Isn’t It Ironic? FCC’s New Website Comes Short on Communication
Posted Jan 1, 2012 5:10 AM CDT
By Leslie A. Gordon
In an irony perhaps only lawyers can appreciate, the Federal Communications Commission’s newly revamped, state-of-the-art website has, according to one expert, a major communications flaw: Information on the agency’s rule-making is as buried as a pirate’s treasure.
The online location of FCC rules under consideration is simply “not obvious to the nonspecialist,” says University of Pennsylvania law professor Cary Coglianese, who authored a study (PDF) about federal agencies’ use of electronic media in the rule-making process.

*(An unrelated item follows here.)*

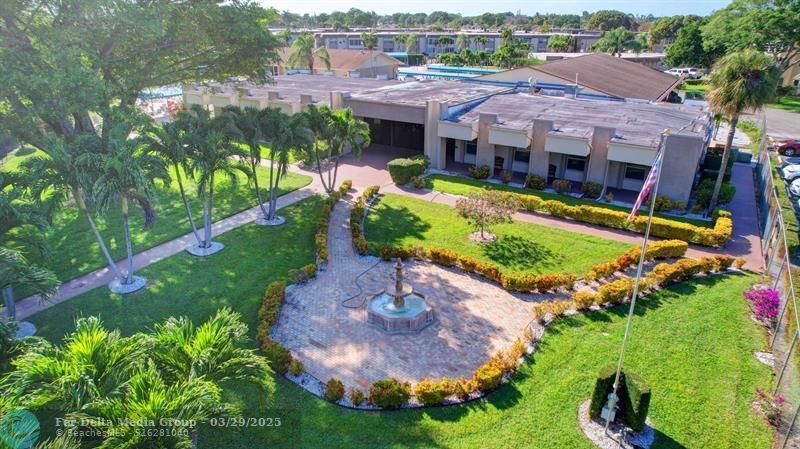 715 Lori Drive, Unit 315, Palm Springs, FL 33461 Photo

Similarly, proposed air pollution rules—the subject of recent controversy for the Obama administration—were “nowhere to be found” on the website of the Environmental Protection Agency.

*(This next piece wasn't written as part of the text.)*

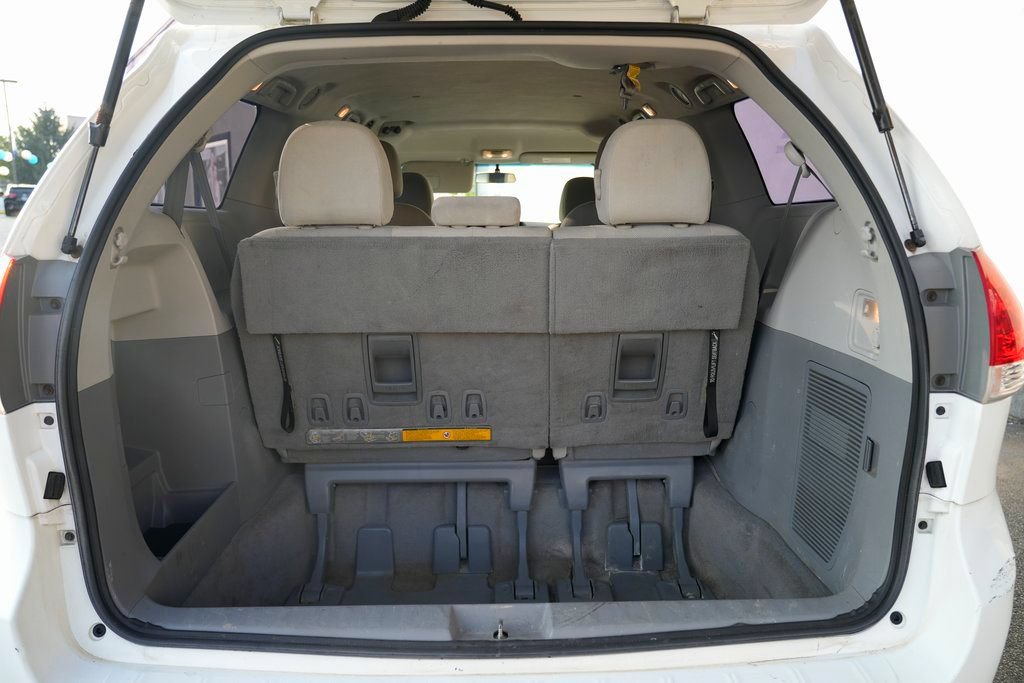 2011 Toyota Sienna Base - Photo 15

Although we’re long past the days of lawyers and other interested parties dusting off the Federal Register to comment on proposed regulations, it remains just as hard for ordinary citizens to participate in the process because, according to Coglianese, federal agencies bury details of proposed rules in obscure places online.
“Websites are being designed to serve the agencies’ existing customer base engaged in the so-called top tasks,” such as licenses or permits, contact information or FAQs, he explains. Only 14 percent of the agencies that write rules most frequently include a page displaying rules that are open for public comment. Only 30 percent contain a dedicated link soliciting public comments. As a result, these websites exacerbate imbalances in democratic participation, with only lawyers or paid specialists knowing how to comment online, he says.
But because regulations carry significant economic and social consequences, agencies should consider rule-making among their top tasks, says Coglianese. “Unelected officials are setting binding law, sometimes with penalties and criminal sanctions.”
Commissioned by the Administrative Conference of the United States, the July study includes recommendations for enhancing the digital accessibility of rule-making. For example, the study suggests that federal agencies create dedicated webpages, easily accessible from the front page, that display all rules open for public comment, much as congressional websites detail bills that the official is sponsoring.
Until now, government websites and their design have been “a bit of a Wild West,” Coglianese notes. “But this administration recognizes the need for clearer strategies and is conducting a governmentwide review of website design. This study couldn’t be coming at a better time.”